Gildemeister, mediante el telégrafo, recibió inmediata noticia del desastre y, sin pensarlo dos veces, envió a uno de sus hombres de confianza a Hamburgo, con la orden de comprar toda la existencia de salitre que hubiera en ese puerto. Gildemeister confiaba en dos cosas: que el precio del producto, como en efecto ocurrió, subiera al suspenderse por tiempo indefinido los embarques a causa del terremoto, y que su emisario culminara el trato antes que la noticia del terrible sismo llegara a conocimiento de los comerciantes hamburgueses. Por entonces no había comunicación cablegráfica con Europa. Gracias a sus rápidos reflejos y su intrépida maniobra, Gildemeister obtuvo réditos fabulosos.

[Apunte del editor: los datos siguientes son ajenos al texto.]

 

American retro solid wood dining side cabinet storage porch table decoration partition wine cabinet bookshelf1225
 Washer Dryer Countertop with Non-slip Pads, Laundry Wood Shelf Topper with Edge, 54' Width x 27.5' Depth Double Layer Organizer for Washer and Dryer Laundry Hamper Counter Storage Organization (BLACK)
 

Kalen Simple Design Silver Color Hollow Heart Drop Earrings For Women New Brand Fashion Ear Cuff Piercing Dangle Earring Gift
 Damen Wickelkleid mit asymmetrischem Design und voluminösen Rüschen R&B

Al estallar la guerra con Chile, Gildemeister suspendió sus labores por largo tiempo para no pagar impuestos a los invasores. En enero de 1881, luego del infortunio de Miraflores, cedió al cónsul alemán su amplia mansión, donde bajo la bandera germana encontraron refugio numerosas familias peruanas. Ya por entonces estaba casado con doña María Prado, natural de Lambayeque, y poseía también importantes propiedades agrícolas y mineras en el valle de Chicama y en la quebrada de Huarochirí, respectivamente. Gildemeister reanudó la producción de nitrato de salitre en 1883 y en 1888 compró la “oficina” de Rosario de Huara en cien mil pesos chilenos a la que dotó de moderna maquinaria y luego vendió, como ya quedó dicho.

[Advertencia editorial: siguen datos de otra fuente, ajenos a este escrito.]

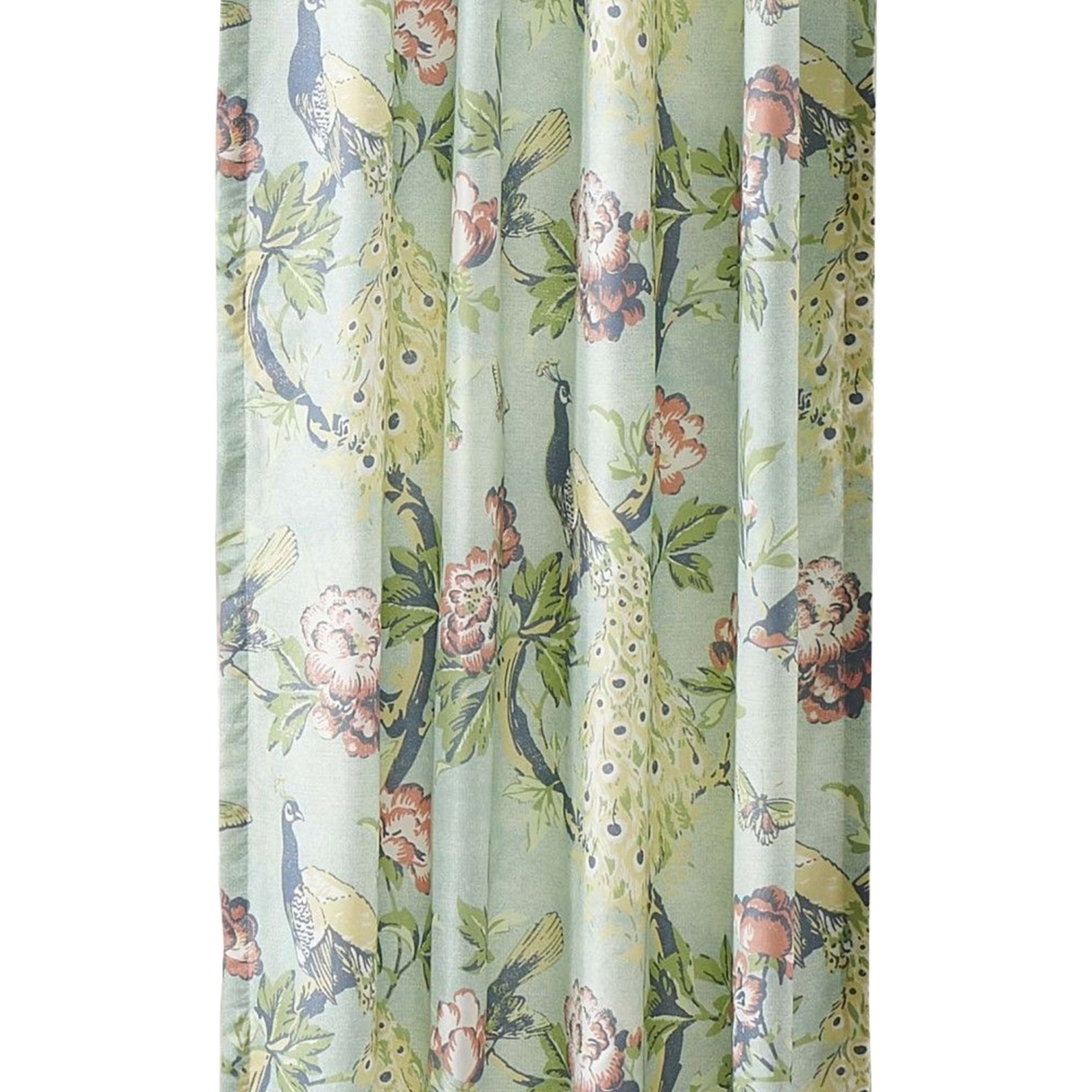 Eden 84 Inch WIndow Curtains, Butterflies and Songbirds, Green Microfiber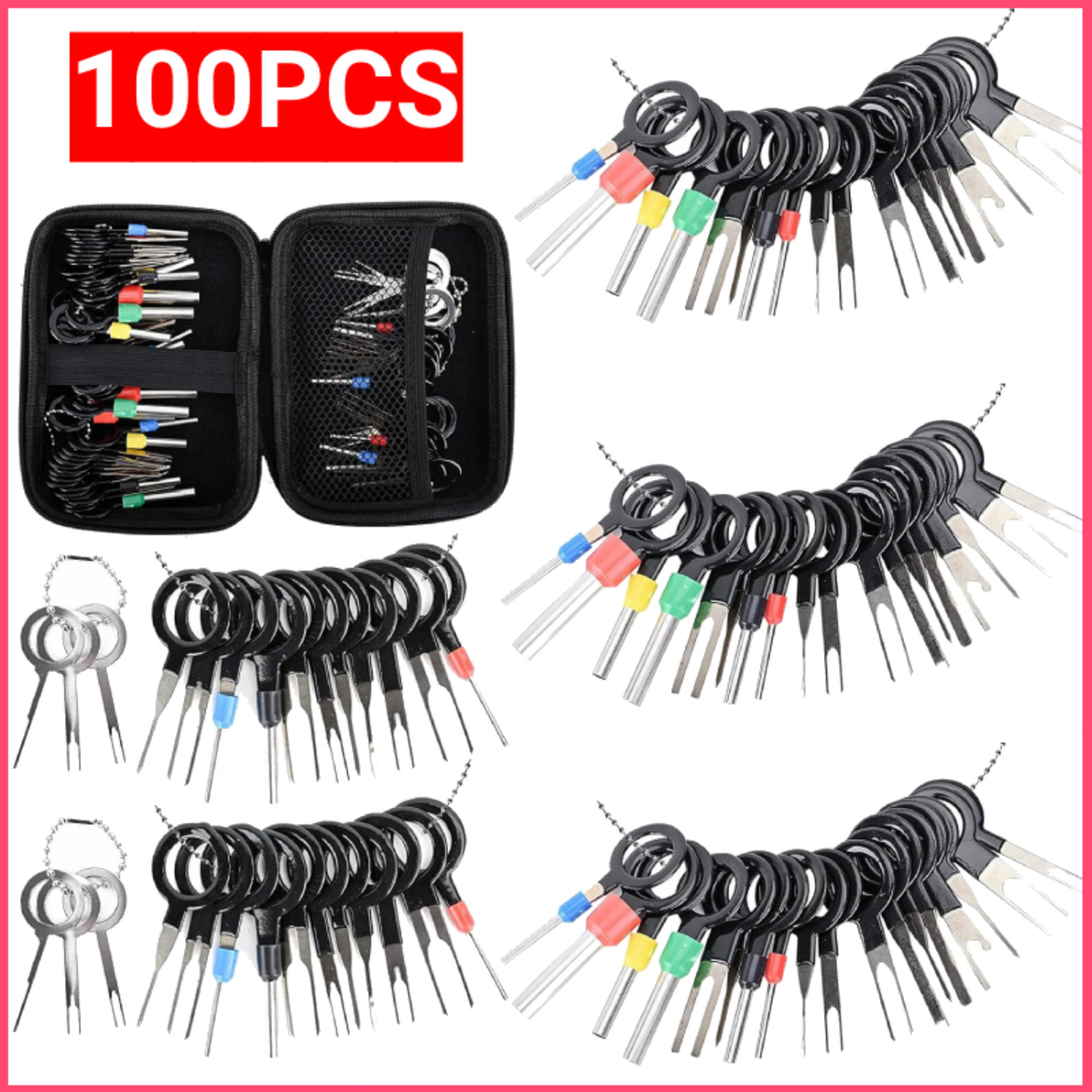 100pcs Pin Ejector Wire Kit Extractor Connector Puller Car Terminal Removal Tool 100pcs Pin Ejector Wire Kit Extractor Connector Puller Car Terminal Removal Tool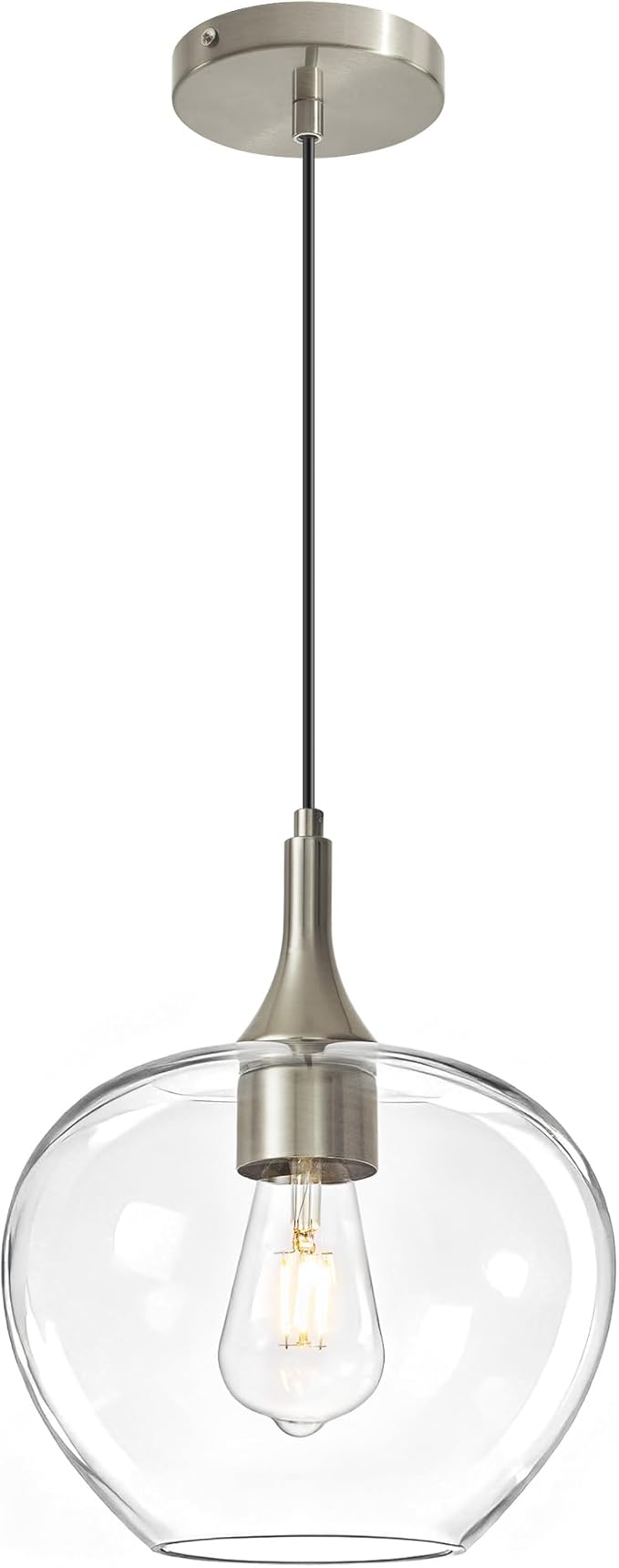 Glass Pendant Lights Kitchen Island, 9.45'' Brushed Nickel Pendant Lighting Fixtures, Modern Hanging Ceiling Light with Clear Glass Shade for Farmhouse Dining Room Bedroom Hallway(1 Pack)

Los últimos años de su vida los dedicó Juan Gildemeister a convertir la hacienda Casagrande en un ejemplo de industria azucarera con los más altos niveles tecnológicos. Más no sería justo recordarlo solamente como un empresario afortunado. Gildemeister fue también un hombre generoso, sencillo, cristiano. “Él fue arquetipo de perseverancia para el trabajo; fe viva y ardiente para las grandes empresas industriales; apoyo y protección para los hombres laboriosos y probos; consejero discreto de cuantos buscaron en su experiencia el impulso de sus propios negocios”.

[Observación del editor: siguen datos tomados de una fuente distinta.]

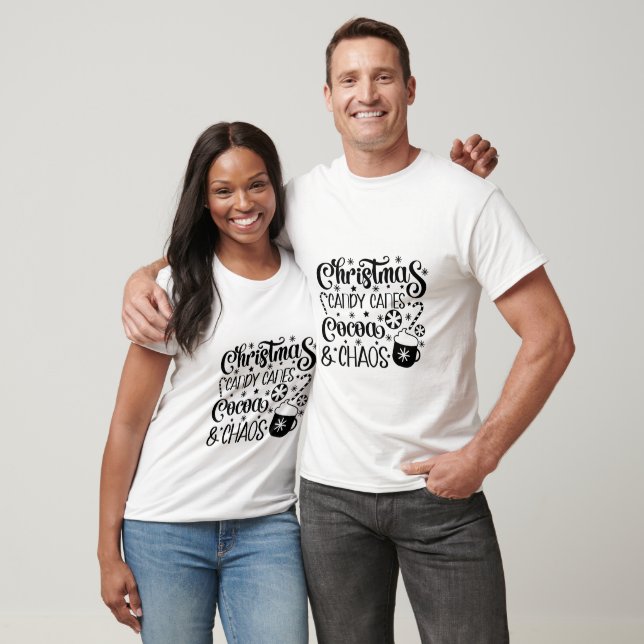 Christmas Candy Canes Cocoa & Chaos T-Shirt (Unisex)
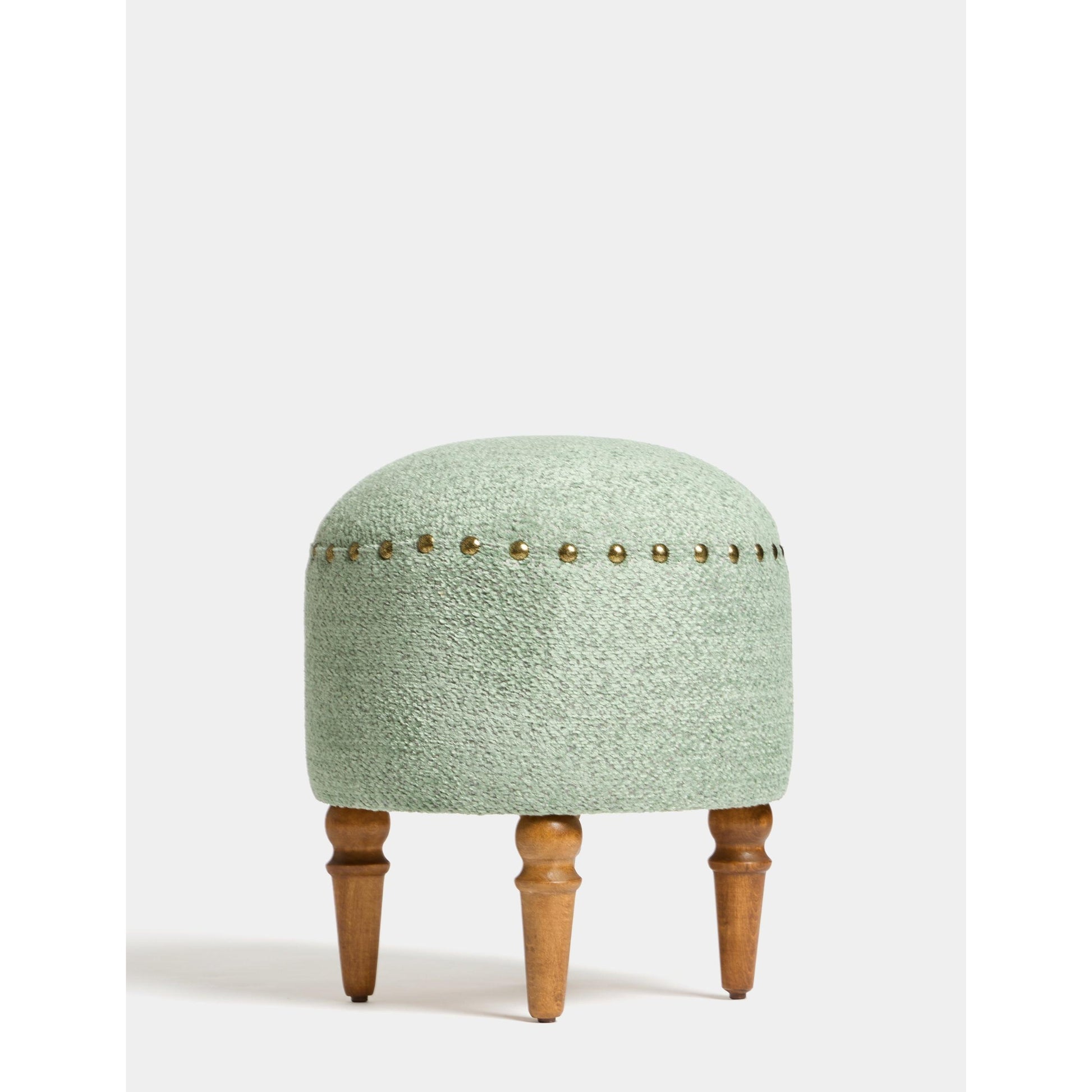 Saga Nostajik Ahşap Ayaklı Puf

Juan Gildemeister falleció en Lima el 31 de mayo de 1898. A su casa, en la calle Mogollón, llegó una inmensa y heterogénea multitud de personas que acompañó sus restos hasta el Cementerio de Bellavista. No solo era el postrer y comprensible homenaje a un triunfador en el difícil y arriesgado ámbito de las finanzas, a un multimillonario. Era el tributo sincero y emocionado de honda admiración a un hombre que se identificó profundamente con nuestra patria y, como dijo El Comercio en esa hora de despedida, un insigne “apóstol del trabajo”.